> [PROVIDED RECORDS]:
● ● ● ● ●

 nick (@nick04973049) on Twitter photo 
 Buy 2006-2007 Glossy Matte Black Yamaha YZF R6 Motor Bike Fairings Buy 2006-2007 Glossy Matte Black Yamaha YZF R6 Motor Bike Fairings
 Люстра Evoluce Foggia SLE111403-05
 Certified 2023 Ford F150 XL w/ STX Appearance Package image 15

● ● ● ● ●

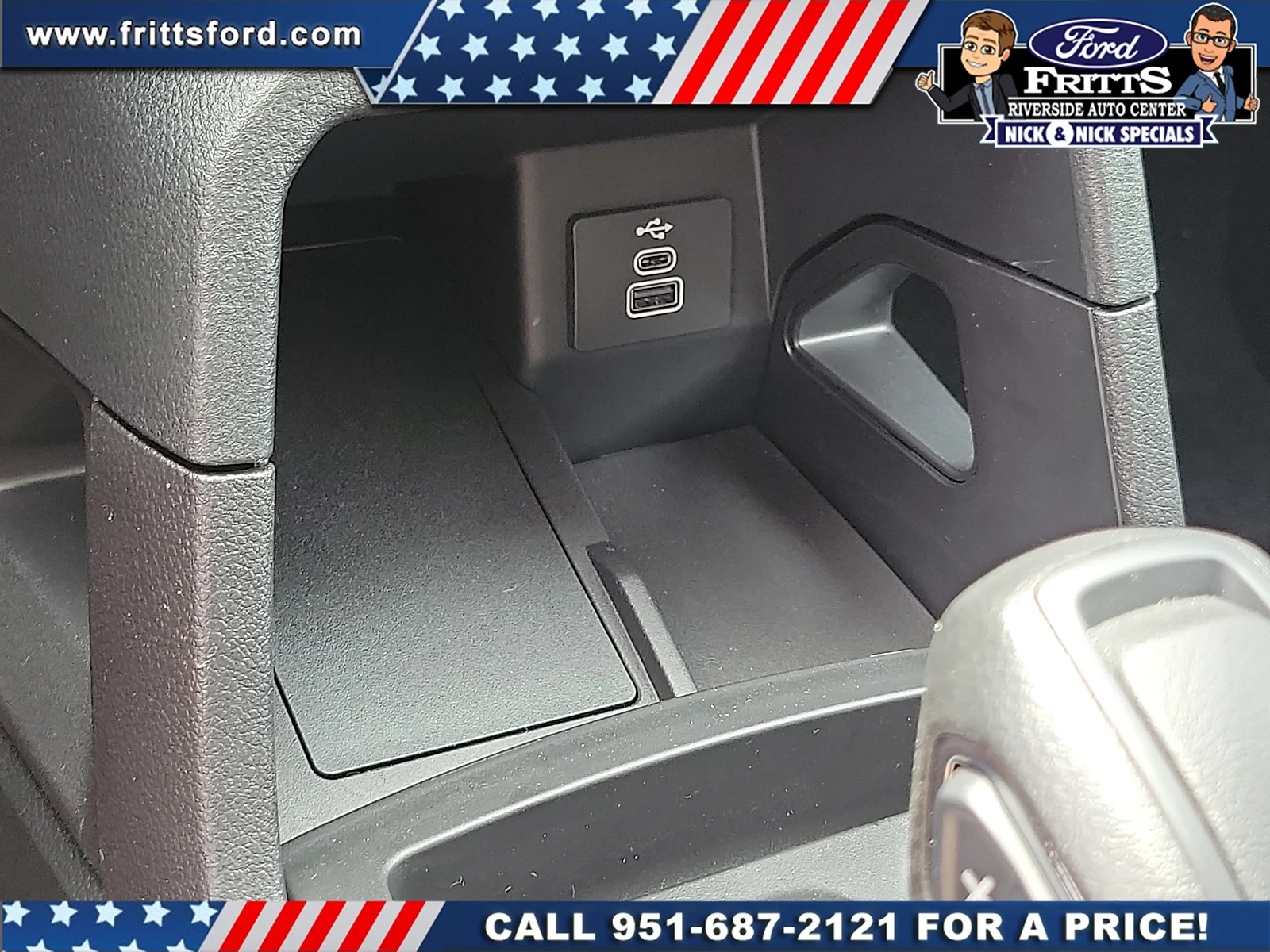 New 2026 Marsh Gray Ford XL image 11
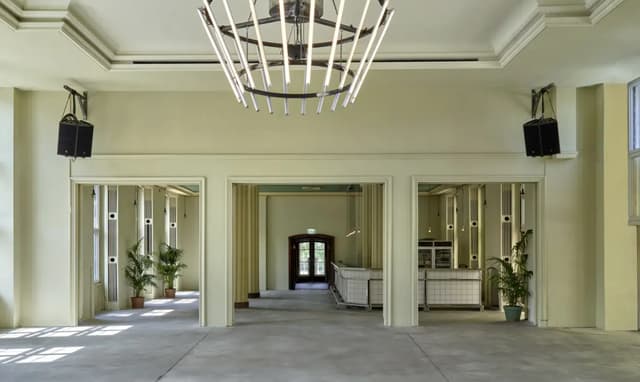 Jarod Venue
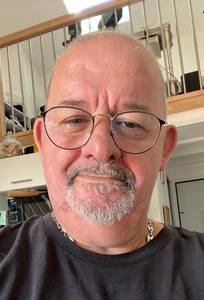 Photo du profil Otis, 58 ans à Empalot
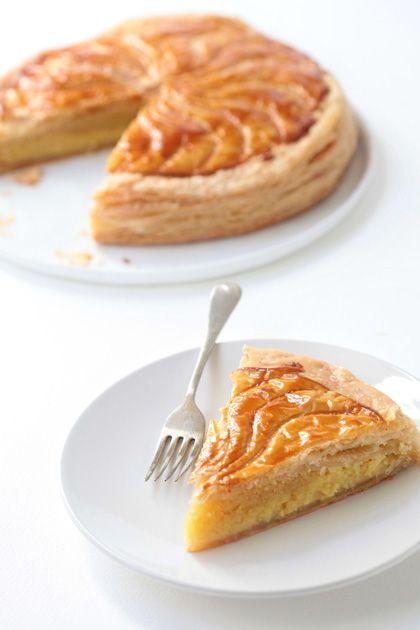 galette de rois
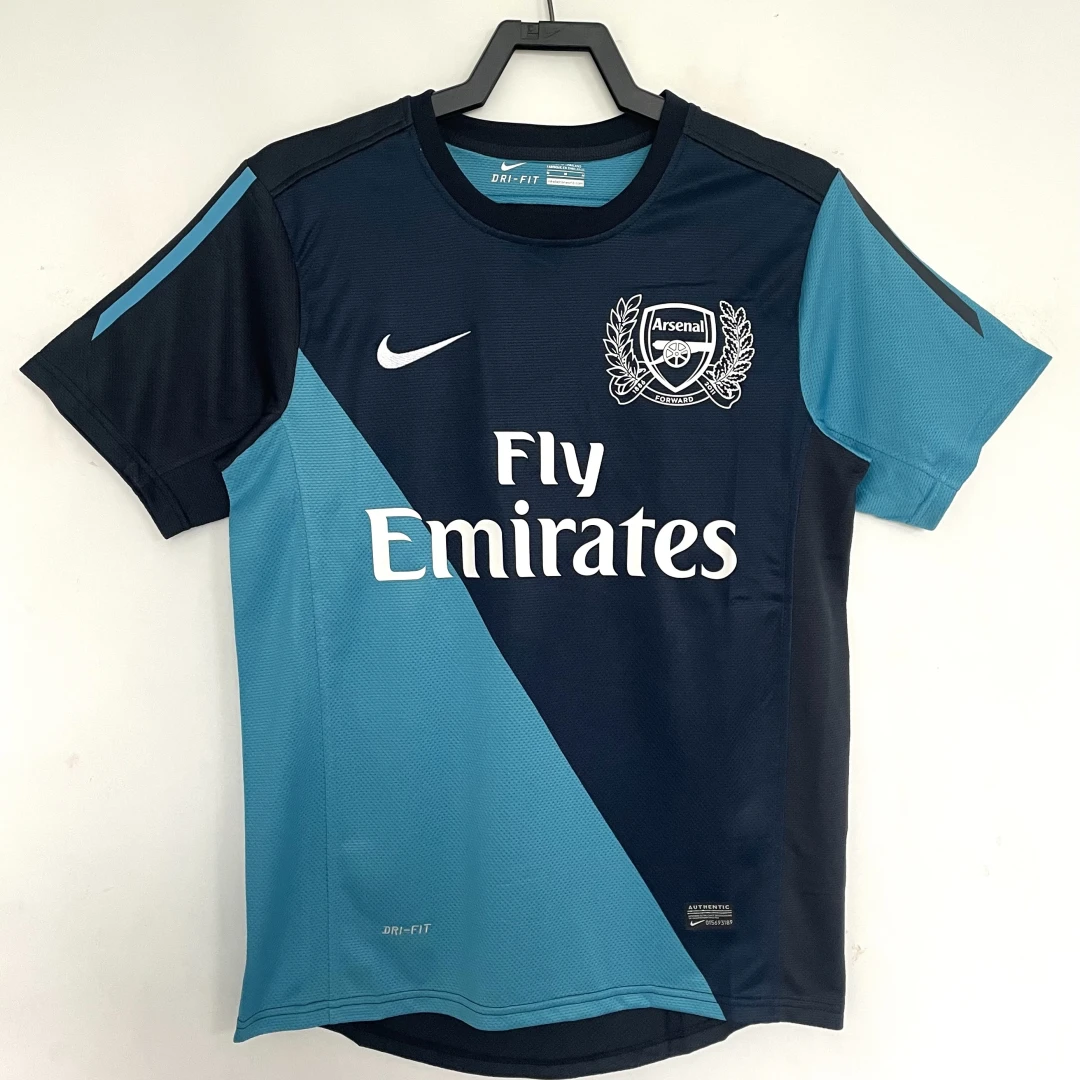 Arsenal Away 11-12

● ● ● ● ●

> [WHAT THE TASK ASKS]:
Copy out each line of the data above, exactly, if it lies between the line holding "nick (@nick04973049) on Twitter photo" and the line holding "Certified 2023 Ford", inclusive; copy no other line.

> [OUTPUT OF THE EXERCISE]:
 nick (@nick04973049) on Twitter photo 
 Buy 2006-2007 Glossy Matte Black Yamaha YZF R6 Motor Bike Fairings Buy 2006-2007 Glossy Matte Black Yamaha YZF R6 Motor Bike Fairings
 Люстра Evoluce Foggia SLE111403-05
 Certified 2023 Ford F150 XL w/ STX Appearance Package image 15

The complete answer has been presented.